Published Benchmark:
Payment Card Industry Data Security Standard v3.2

Details:
The IBM BigFix Compliance PCI Add-on team has updated the following Windows checklists:
PCI DSS Checklist for Windows 2012

• The check Verify that “Prevent users from sharing files within their profile” is set to Enabled (pcidss-7.2.2.52) is updated to resolve the relevance false positive for APAR IV95039.
• The check Verify that “Trend Micro Common Firewall” is Enabled (pcidss-1.4.b.22) is updated to resolve an issue with reading incorrect registry keys.
• The check Verify that “Interactive logon: Number of previous logons to cache (in case domain controller is not available)” is set to ‘4 or fewer logon(s)’ (pcidss-3.1.a) is updated to reflect the correct relevance.
• The check Verify that “Local Policy: Enable computer and user accounts to be trusted for delegation” is not set to any user (pcidss-7.2.3.1) is updated to reflect the correct relevance.
• The check Verify that “MS Antivirus Software” service is active and running (pcidss-5.3.a_2) is updated to fix the remediation action to start the MpsSvc service.
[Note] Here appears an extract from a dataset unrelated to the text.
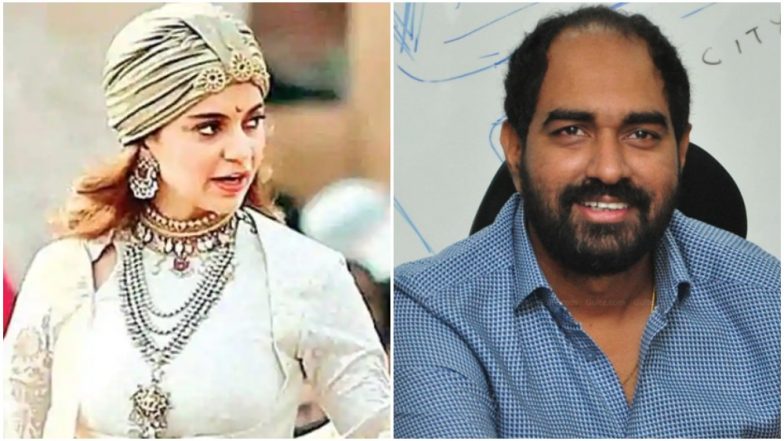 Manikarnika The Queen of Jhansi: Kangana Ranaut Confirms She Directed 70% of The Film, As Krish Remains Absent From The Trailer Launch - Watch Video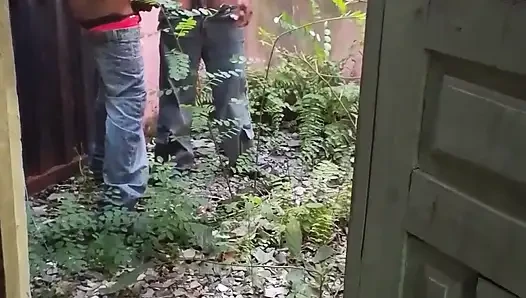 My New Date Ask Me Baby Can We Fuck in the Bush Again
PCI DSS Checklist for Windows 2008

• The check Verify that “Prevent users from sharing files within their profile” is set to Enabled (pcidss-7.2.2.52) is updated to resolve the relevance false positive for APAR IV95039.
• The check Verify that “Trend Micro Common Firewall” is Enabled (pcidss-1.4.b.22) is updated to resolve an issue with reading incorrect registry keys.
• The check Verify that “Interactive logon: Number of previous logons to cache (in case domain controller is not available)” is set to ‘4 or fewer logon(s)’ (pcidss-3.1.a) is updated to reflect the correct relevance.
• The check Verify that “MS Antivirus Software” service is active and running (pcidss-5.3.a_2) is updated to fix the remediation action to start the MpsSvc service.

PCI DSS Checklist for Windows 10

• The check Verify that “Prevent users from sharing files within their profile” is set to Enabled (pcidss-7.2.2.52) is updated to resolve the relevance false positive for APAR IV95039.
• The following checks are updated to include appropriate applicability relevance:
• Verify that “Outbound connections” for the domain profile is set to ‘Allow (default)’ (pcidss-1.4.b_7.10)
• Verify that “Outbound connections” for the public profile is set to 'Allow (default)’ (pcidss-1.4.b.24.1)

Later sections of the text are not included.